Legendary fund manager Li Lu (who Charlie Munger backed) once said, 'The biggest investment risk is not the volatility of prices, but whether you will suffer a permanent loss of capital.' It's only natural to consider a company's balance sheet when you examine how risky it is, since debt is often involved when a business collapses. As with many other companies Palash Securities Limited (NSE:PALASHSECU) makes use of debt. But the more important question is: how much risk is that debt creating?
What Risk Does Debt Bring?
Generally speaking, debt only becomes a real problem when a company can't easily pay it off, either by raising capital or with its own cash flow. Ultimately, if the company can't fulfill its legal obligations to repay debt, shareholders could walk away with nothing. While that is not too common, we often do see indebted companies permanently diluting shareholders because lenders force them to raise capital at a distressed price. Having said that, the most common situation is where a company manages its debt reasonably well - and to its own advantage. When we think about a company's use of debt, we first look at cash and debt together.
What Is Palash Securities's Net Debt?
As you can see below, at the end of September 2021, Palash Securities had ₹281.2m of debt, up from ₹150.9m a year ago. Click the image for more detail. However, it also had ₹87.9m in cash, and so its net debt is ₹193.3m.
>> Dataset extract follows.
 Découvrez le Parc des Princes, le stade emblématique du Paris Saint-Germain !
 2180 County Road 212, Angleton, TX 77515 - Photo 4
A Look At Palash Securities' Liabilities
Zooming in on the latest balance sheet data, we can see that Palash Securities had liabilities of ₹352.2m due within 12 months and liabilities of ₹64.4m due beyond that. Offsetting these obligations, it had cash of ₹87.9m as well as receivables valued at ₹163.0m due within 12 months. So it has liabilities totalling ₹165.7m more than its cash and near-term receivables, combined.
This deficit isn't so bad because Palash Securities is worth ₹720.7m, and thus could probably raise enough capital to shore up its balance sheet, if the need arose. However, it is still worthwhile taking a close look at its ability to pay off debt. When analysing debt levels, the balance sheet is the obvious place to start. But it is Palash Securities's earnings that will influence how the balance sheet holds up in the future. So if you're keen to discover more about its earnings, it might be worth checking out this graph of its long term earnings trend.
Over 12 months, Palash Securities reported revenue of ₹642m, which is a gain of 29%, although it did not report any earnings before interest and tax. Shareholders probably have their fingers crossed that it can grow its way to profits.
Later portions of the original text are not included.